Prendiamo il caso dell’Egitto.
“L’Egitto sta vivendo una grande crisi economica, le tre risorse del paese (turismo, canale di Suez e rimesse dei lavoratori all’estero) non sono più sufficienti: questo va ad incrinare ulteriormente una società già spaccata. Le fratture sociali e religiose sono molto forti, c’è una minoranza di cristiani copti ortodossi (15%) che vive ai margini. Senza dimenticare che la frizione è forte anche tra le forze armate e i Fratelli musulmani; non da ultimo, ci sono problemi nei rapporti con l’Occidente che non ha molta fiducia in Morsi”.

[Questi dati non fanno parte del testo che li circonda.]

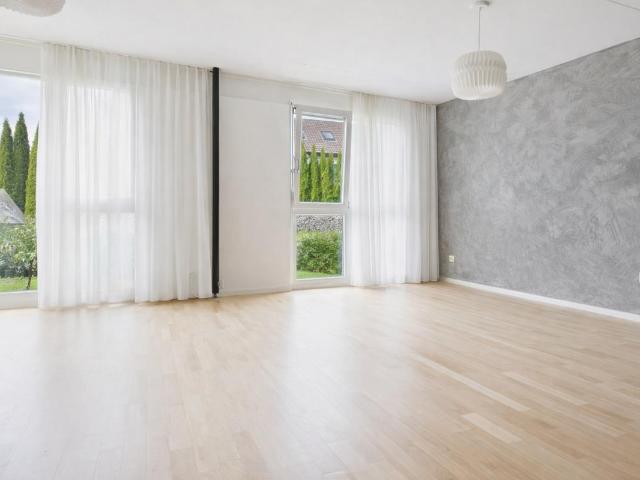 Exklusive Eigentumswohnung in Muri Gümligen – MFH mit nur 3 Parteien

Cosa dire invece della Siria?
“La Siria vive da due anni in una guerra civile terribile che sta facendo moltissime vittime e milioni di profughi. C’è ancora il regime di Bashar al-Asad, ma non c’è più Stato e, come sappiamo, senza Stato non può esserci democrazia. L’Occidente non è omogeneo nelle prese di posizione, la Russia ad esempio appoggia al-Asad per interesse in quanto la Siria è uno sbocco sul Mediterraneo”.

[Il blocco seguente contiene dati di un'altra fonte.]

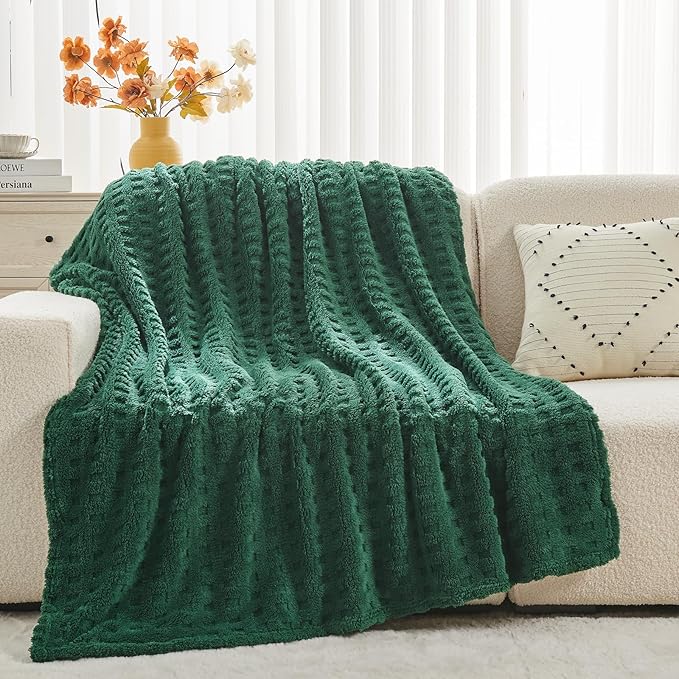 NEWCOSPLAY Super Soft Queen Blanket Green Premium Silky Flannel Fleece 3D Waffle Checkered Lightweight Bed Blanket All Season Use (Dark Green, Queen(90"x90"))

Torniamo in Europa: la crisi della Grecia secondo lei è il sintomo di un grande paradosso, quale?
“La Grecia è la prima ad essersi ammalata, in parte anche per colpa della sua classe dirigente, ma la causa di questa crisi europea è il paradosso di un paese fondato sulla moneta e non sulla storia. Il sistema Unione Europea è intrinsecamente disfunzionale: si è provato a costruire un paese a partire dall’economia, dimenticando che il rapporto tra economia e politica si basa sulla realtà di ogni Stato, quindi anche sulla sua storia. Non è un caso che l’uomo politicamente più influente non sia un politico, bensì il presidente della Banca centrale europea, Mario Draghi”.